About this task:
Copy out the data below from the line containing "Sharee Panjabi Couple Set" to the line containing "Realme teases upcoming", both lines included, with all images left out.

Data:
━━━━━━
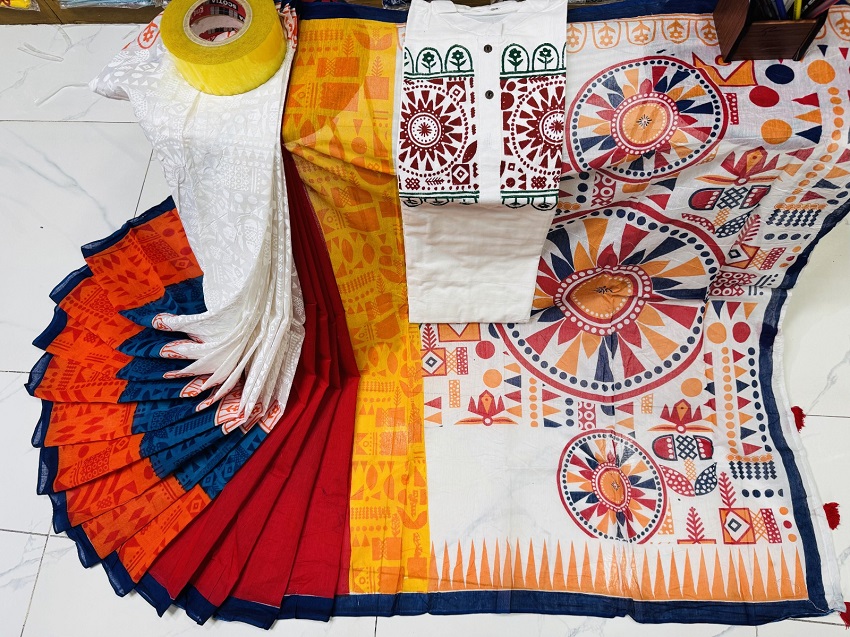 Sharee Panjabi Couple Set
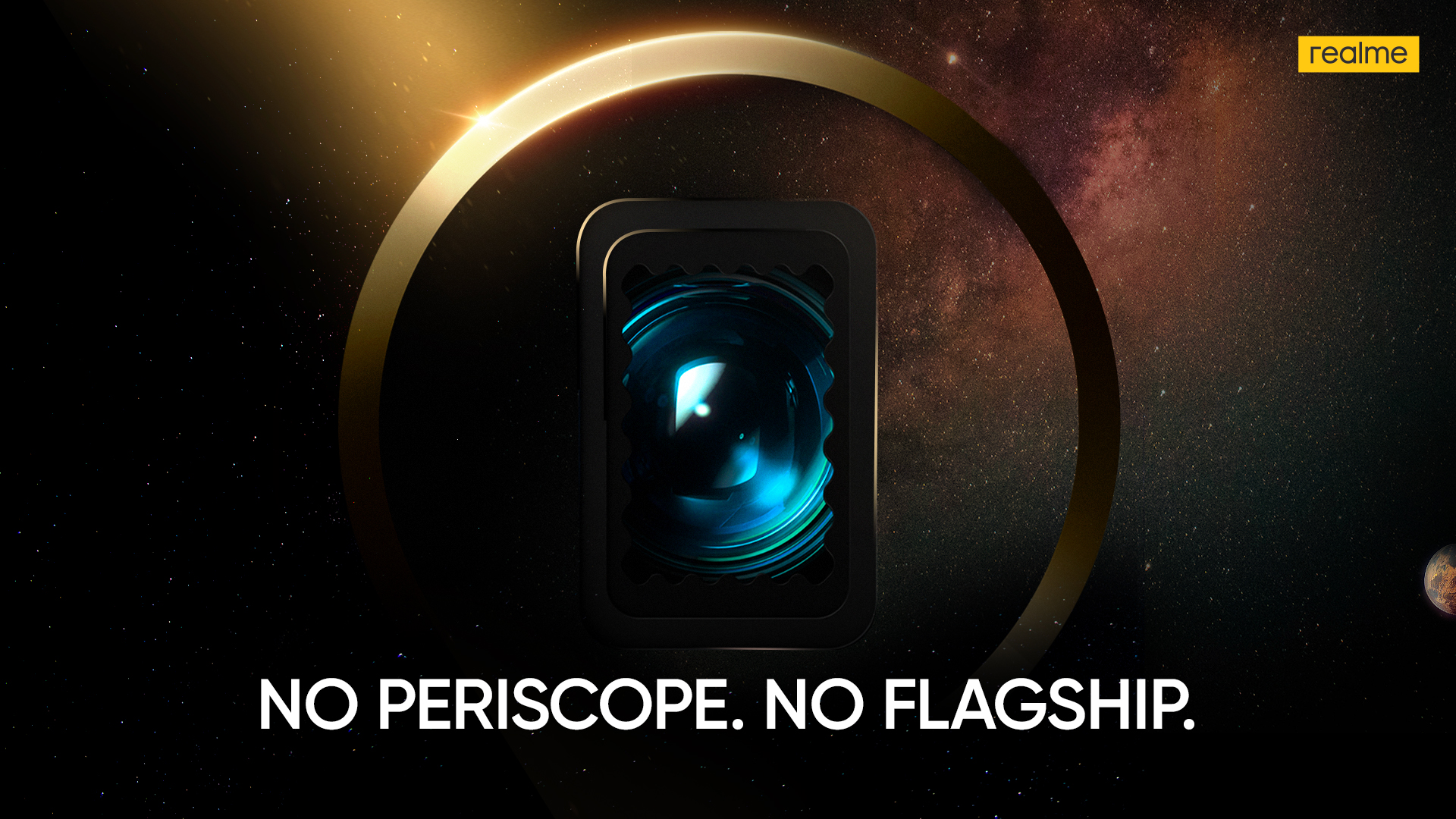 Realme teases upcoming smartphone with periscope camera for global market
━━━━━━
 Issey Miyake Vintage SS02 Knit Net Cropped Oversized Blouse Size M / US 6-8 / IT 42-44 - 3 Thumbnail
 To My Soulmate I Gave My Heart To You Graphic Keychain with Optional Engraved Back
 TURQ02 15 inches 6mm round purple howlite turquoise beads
━━━━━━
Response:
 Sharee Panjabi Couple Set
 Realme teases upcoming smartphone with periscope camera for global market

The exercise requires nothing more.